Four days after the explosions, on 18 July, UN peacekeeping troops and their Lebanese army colleagues gingerly moved in to inspect the site, at which point, "local villagers" started chucking stones at the French, Belgian and Italian blue hats, lightly wounding 14 of them.

According to the UN, some of these "villagers" were recognised as Hizbollah members, a view that was strengthened when groups of men were observed by the wreckage, heaping still-unexploded ammunition into wooden boxes for transportation out of the village. The shells and rockets they did leave behind turned out to date from the 1990s, but by then the whole affair had gone global.

The Israelis, still threatening to obliterate Iran's nuclear facilities, suspect that if they stage air strikes against the Islamic Republic, Hizbollah would open another war against northern Israel. Hence the outrage over this weapons cache. If you wish to strike at Iran, it seems, you must be able to do so with impunity; no second front from Lebanon.

In fact, the Iranians have long ago promised to exact a fearful toll on US troops in Afghanistan, Iraq and in the waters of the Gulf – let alone a nifty little strike on Israel's own nuclear base in the Negev desert – if Mr Netanyahu and his far-right Israeli government decide to attack. This is why Barack Obama has been flying out his top brass to Israel over the past few months. Netanyahu's threats are Washington's nightmare.

Worse still, Mahmoud Ahmadinejad's friends in Iran have been talking about the events in southern Lebanon. Is a new Hizbollah offensive being planned to take the heat off the crackpot President of Iran? And the Lebanese suspect that there's a far more dramatic dilemma forming between Obama and Netanyahu: that Netanyahu is threatening to let fly at Iran if Obama really forces him to end all Jewish colonisation in the West Bank.

The Lebanese live by conspiracies, but even the mayor of Khirbet Silm, Issam Majed, 47, an engineer, has an eloquent line by way of explanation. Sitting in the neatest, cleanest municipality building in all of southern Lebanon, this bespectacled bureaucrat declares: "When the Israelis fire at us with artillery or from the sea, the UN soldiers count the violations and that's it ... Then an explosion happens and it goes all the way to closed meetings of the UN Security Council in New York."

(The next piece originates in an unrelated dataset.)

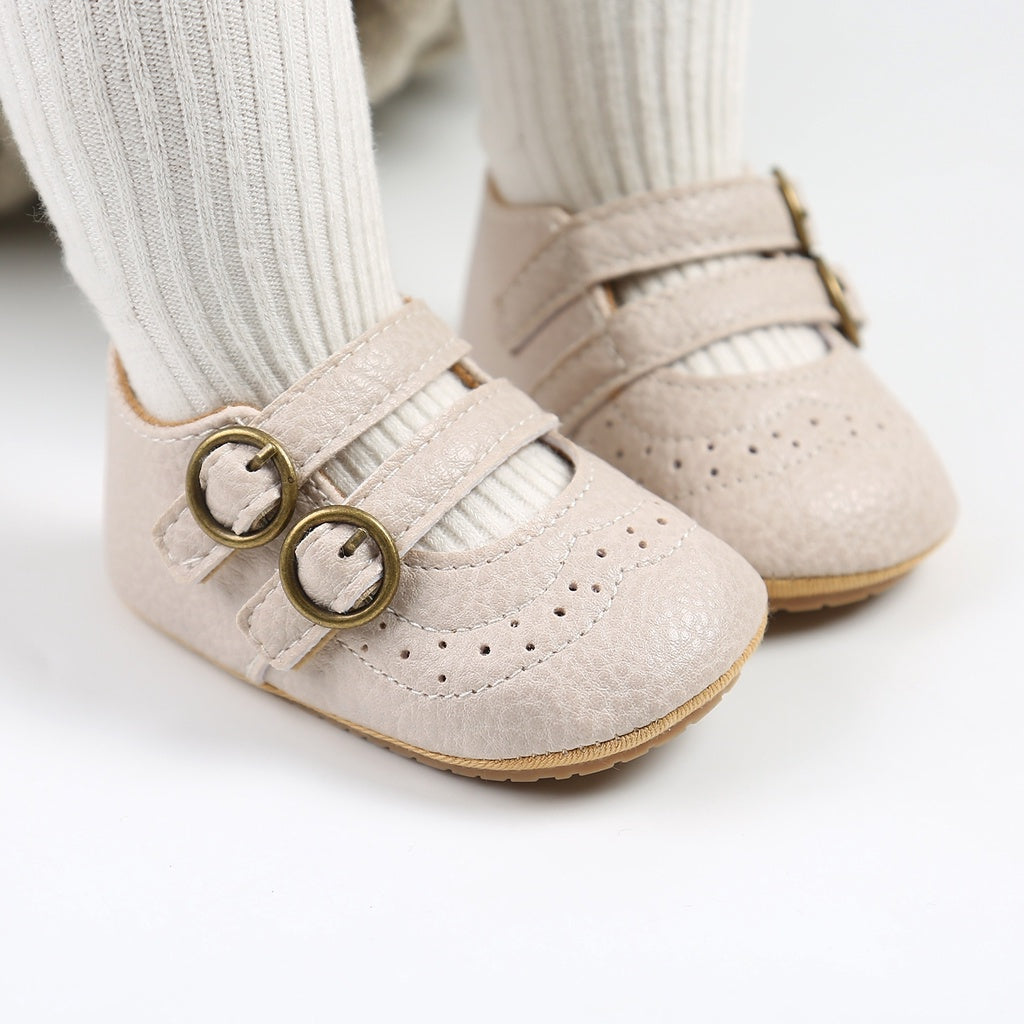 0-18m SEPATU BAYI ANAK SHOES PEREMPUAN CASUAL GAUL CATALOG RMRS RR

So why were those villagers suddenly throwing stones at the UN troops? "The UN arrived with tanks and armoured vehicles ... They flew helicopters all the time low over the village and frightened the women and children and the old people. Then they started to demand to enter people's homes. Foreign troops should not do this. Even the Lebanese army have to apply to the courts to do this."

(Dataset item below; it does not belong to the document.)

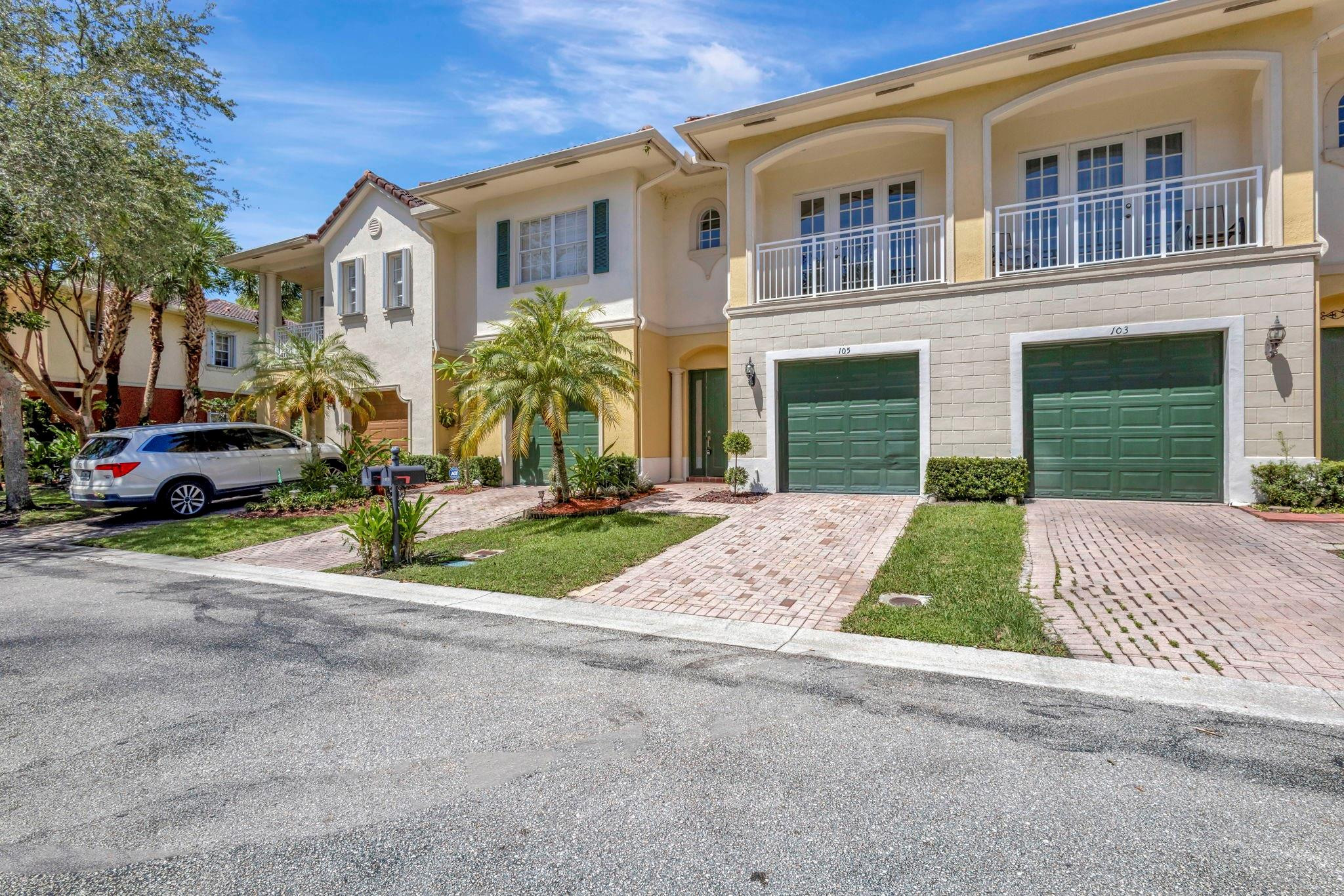 105 Bella Vita Drive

Now this was a bit much. After 40 spectacular explosions inside its zone, the UN was highly unlikely to up sticks to the local judiciary in Tyre to ask for permission to hunt for armed men. And down at their base at Naqqoura, UN officials have all the right documentation for cynical reporters. According to its mandate, the UN soldiers "cannot search private houses unless there is credible evidence of a violation of Resolution 1701, including an imminent threat of hostile activity emanating from that specific location". So there you have it. The Israeli air force daily over-flies southern Lebanon – breaching, of course, Resolution 1701 and, presumably, looking for the arms hide-outs that no one finds – but the moment a house blows up at Khirbet Silm, you are going to have a Leopard tank at your front door.

Needless to say, poor old Major-General Claudio Graziani, the Italian UN commander, has got caught up in some familiar Lebanese spiders' webs. All he wants to do is help the innocent people of southern Lebanon, he opines. And – quite rightly – he holds a public meeting with local politicians, one of whom is the well-known elected Hizbollah MP, Hassan Fadlallah. The Israelis roar again: "Why is the UN negotiating with terrorists?" And so it continues.